В любом случае ее слова в сочетании с моей головной болью пробудили во мне ехидство, о существовании которого я и не подозревал.
— Ничего особенного, ты права, — согласился я.
Она посмотрела на меня взглядом, который можно было бы назвать злобным, но промолчала и через некоторое время отвернулась. Я еще разок потянулся, потер шейные мышцы и встал.
— Должен же быть способ отсюда выбраться, — проговорил я, обращаясь в первую очередь к самому себе, но, разумеется, она не могла не ответить.
— Не должен, — сказала она. — Они всегда держат людей здесь, и никто еще не выбирался.
— Если они находились под воздействием наркотиков, то могли и не пробовать.
Она прикрыла глаза, покачала головой, показывая таким образом степень моей глупости, и отвернулась. Может быть, я и вправду дурак, но не настолько, чтобы сидеть и ждать, пока меня съедят, не пытаясь сбежать.
Я еще раз прошелся по трейлеру из конца в конец. Ничего нового не появилось, но я осмотрел все тщательнее, чем в прошлый раз. Из мебели здесь были только нары, устроенные в дальнем конце и, по всей видимости, служившие кроватью. На них лежал тонкий туристский матрас, накрытый жалкого вида серой простыней. Я стянул матрас на пол, под ним оказался квадратный кусок доски, закрывавший отверстие. Вынув доску, я обнаружил ящик, где находилась тощая подушка в наволочке, весьма напоминавшей простыню. По всей видимости, ящик занимал всю ширину трейлера, хотя я мало видел в полутьме.
Кроме подушки, в ящике лежал кусок деревянного бруска длиной полтора фута.
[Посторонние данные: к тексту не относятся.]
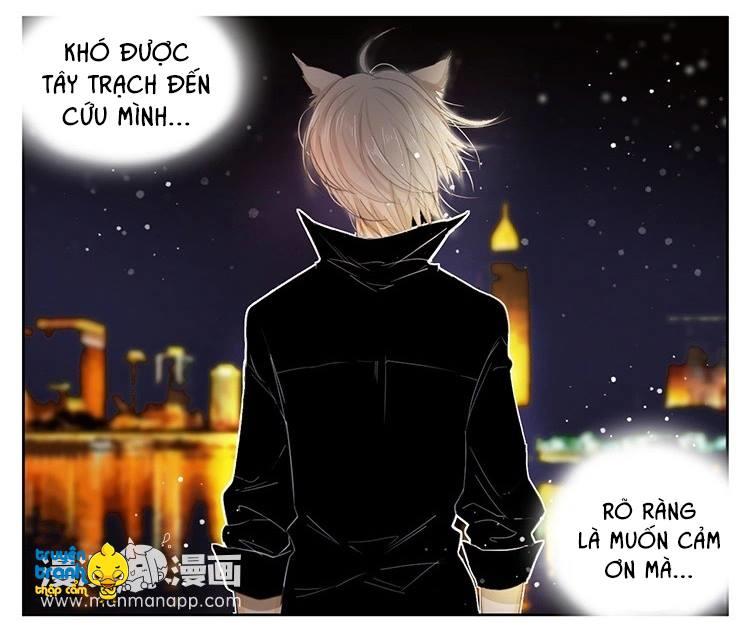 Cứu Mạng! Loài Mèo Thống Trị Thế Giới Rồi! Chapter 21 - 20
Один его конец сужался, и вся стесанная часть оказалась покрыта грязью. На другом виднелись зарубки и канавка, по всей видимости, протертая веревкой. Эта деревяшка, вероятно, использовалась как кол, ее вбивали в землю, и, видимо, что-то привязывали к ней. В верхний конец был воткнут старый погнувшийся гвоздь, которым скорее всего распутывали веревку. Я вынул кол из ящика и положил его рядом с подушкой. Больше я, как ни старался, ничего найти не смог. Однако когда я нажал на дно ящика, оно поддалось, а надавив сильнее, я был вознагражден звуком гнущихся металлических листов.
Бинго. Я нажал еще сильнее, и металл погнулся так, что это стало заметно. Я залез в ящик обеими ногами. Мне с трудом, но все же хватило места, и я принялся прыгать как можно выше. Это производило громкий шум, и где-то на седьмом прыжке Саманта решила подойти и посмотреть на происходящее.
— Что ты делаешь? — поинтересовалась она. Поразительно глупый и действующий на нервы вопрос.
— Убегаю, — ответил я и подпрыгнул еще раз.
Она немного понаблюдала за мной, а потом покачала головой и громко, чтобы я точно мог ее расслышать, сказала:
— Я не думаю, что так ты сможешь выбраться.
— Металл здесь довольно тонкий. Не такой, как на полу.
— Дело в прочности на разрыв. Это вроде поверхностного натяжения в чашке с водой. Мы проходили на физике.
Я восхитился уроками физики, где изучают прочность на разрыв пола трейлера, через который кто-то пытается сбежать от людоедов, а затем застыл в прыжке. Что, если она права? В конце концов, в «Рэнсом Эверглейдс» учат многим вещам, о которых не узнать из программы общеобразовательной школы. Я вылез из ящика и посмотрел, чего мне удалось достигнуть к настоящему моменту. Не многого. Металл заметно погнулся, но не настолько, чтобы внушать серьезную надежду.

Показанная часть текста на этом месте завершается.